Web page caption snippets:
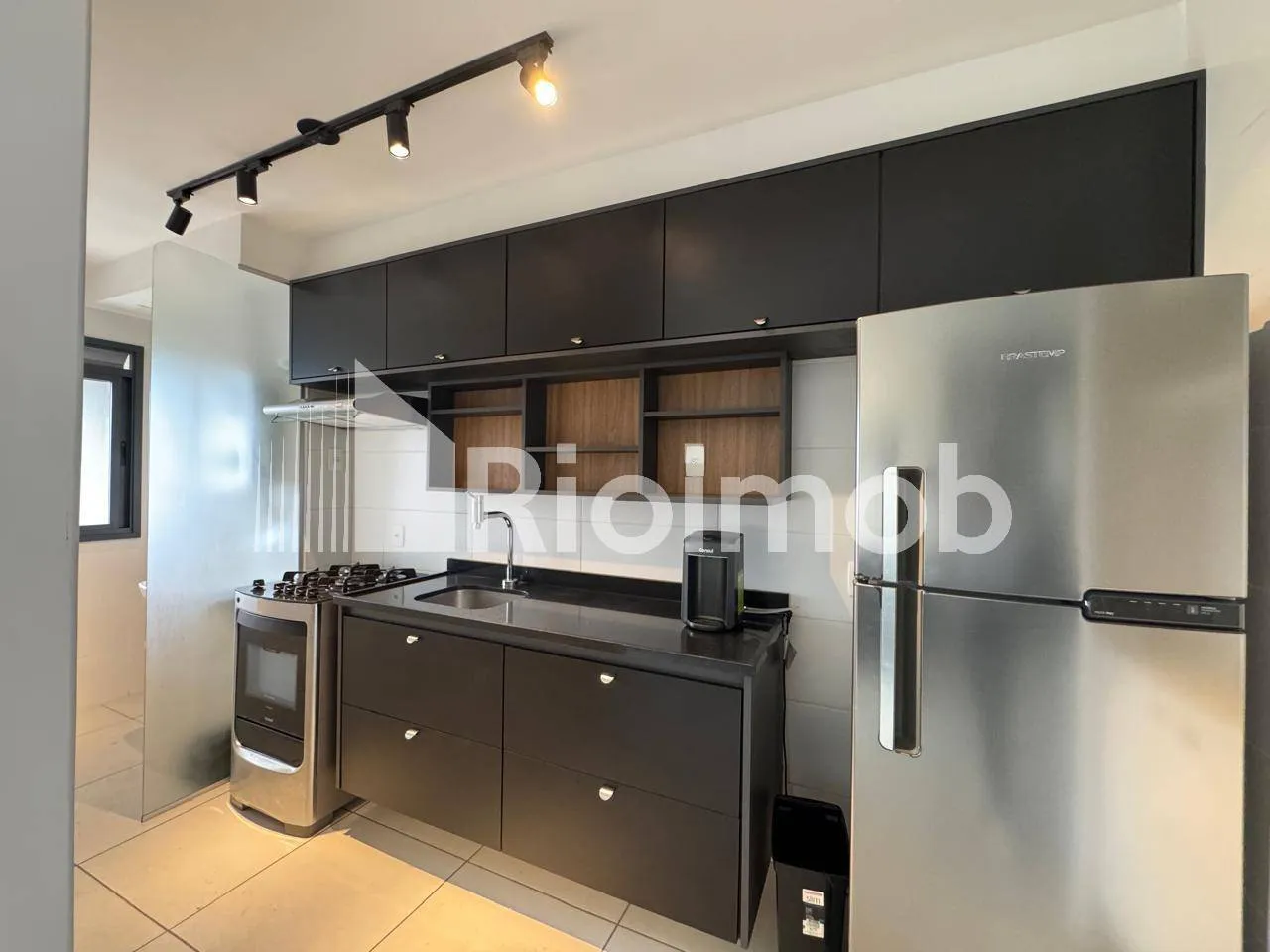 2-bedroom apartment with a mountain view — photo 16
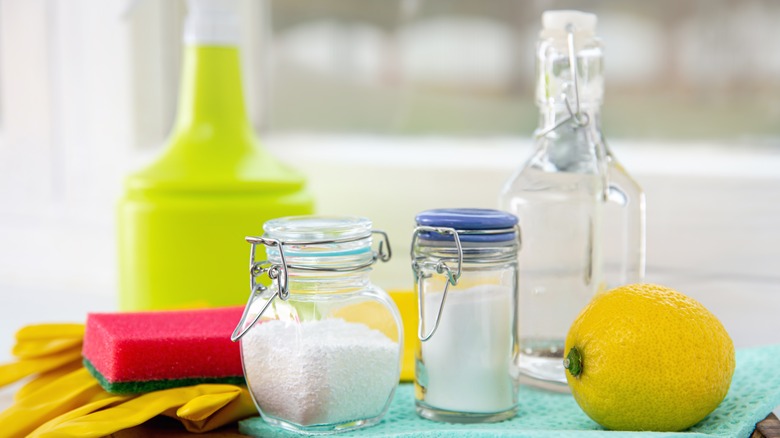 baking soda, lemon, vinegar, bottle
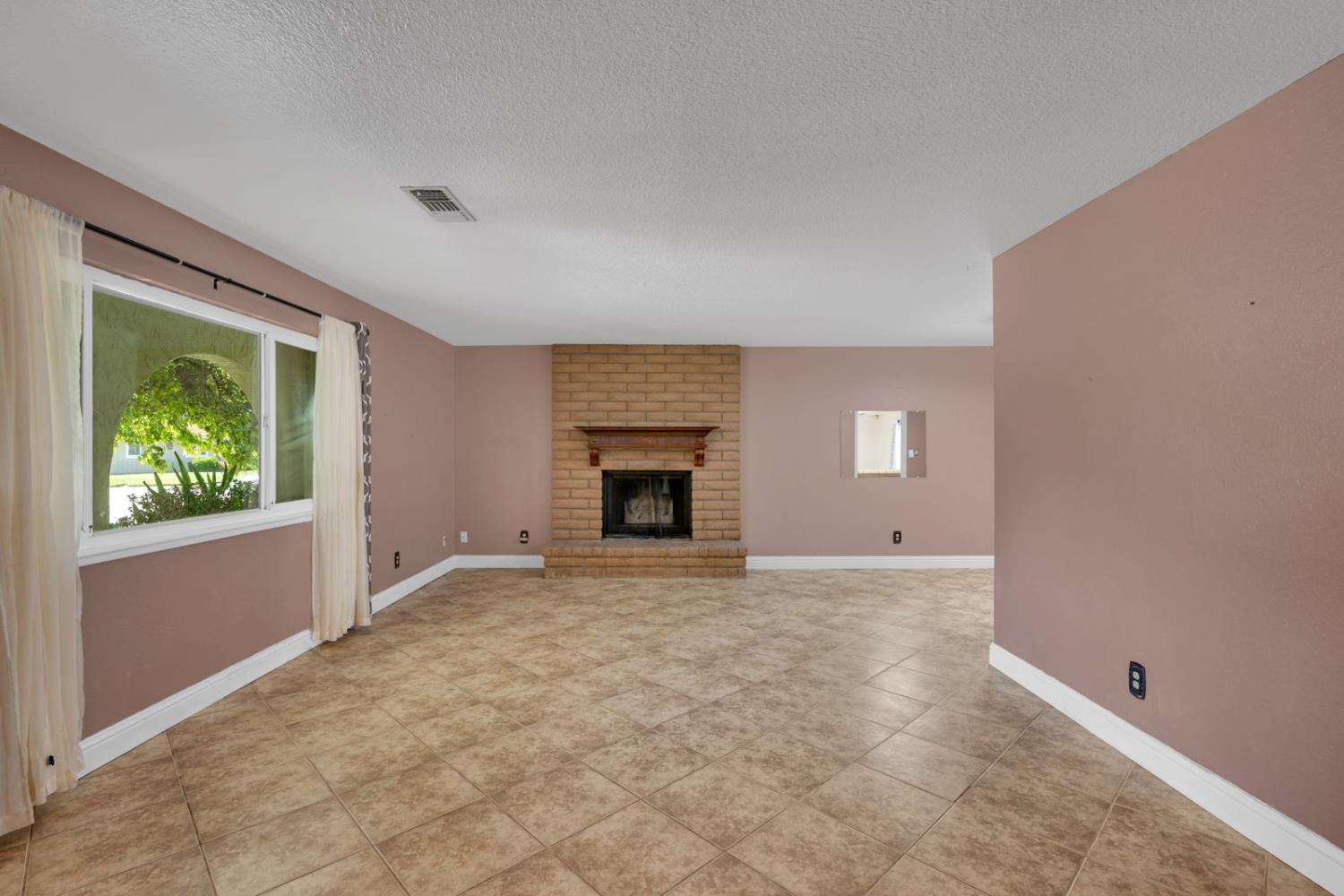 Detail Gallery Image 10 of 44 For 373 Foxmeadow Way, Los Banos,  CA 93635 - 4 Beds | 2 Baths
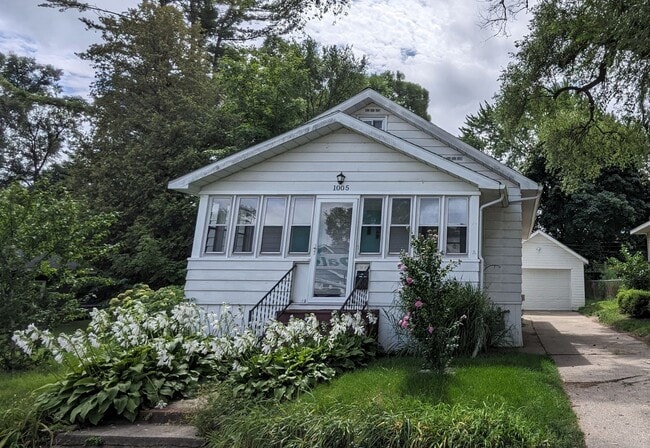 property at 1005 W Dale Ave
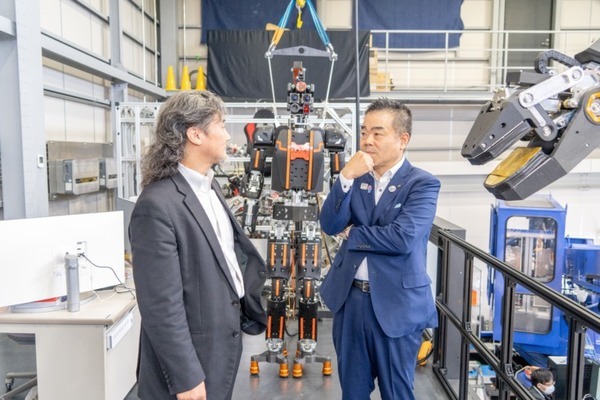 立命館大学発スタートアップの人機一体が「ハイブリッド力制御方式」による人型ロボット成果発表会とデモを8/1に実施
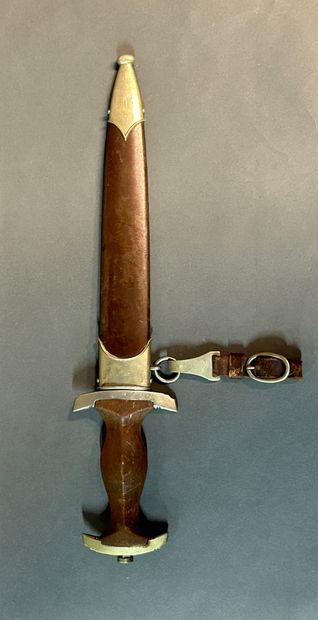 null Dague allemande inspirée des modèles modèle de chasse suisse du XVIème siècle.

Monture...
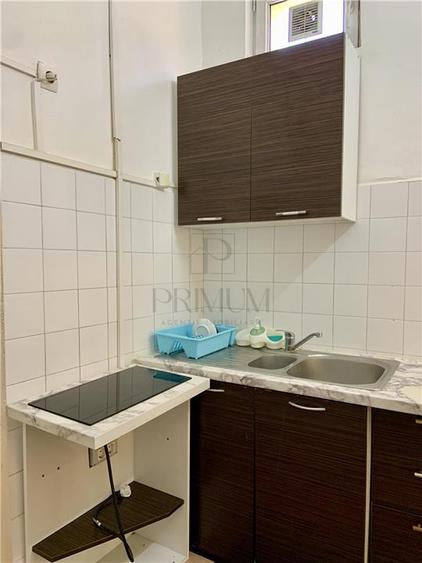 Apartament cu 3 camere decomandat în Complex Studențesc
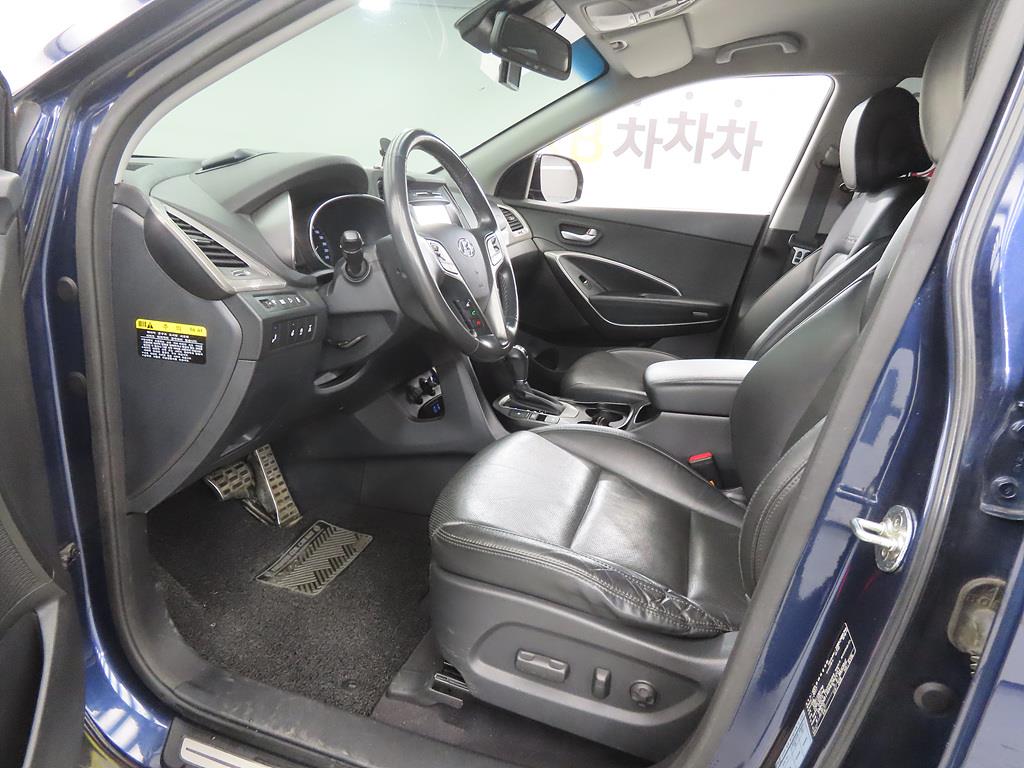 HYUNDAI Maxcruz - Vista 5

Work task: Reproduce verbatim every line starting at the line that holds "Apartament cu 3" and ending with the final line of the data; omit the pictures.

Response to this task:
 Apartament cu 3 camere decomandat în Complex Studențesc
 HYUNDAI Maxcruz - Vista 5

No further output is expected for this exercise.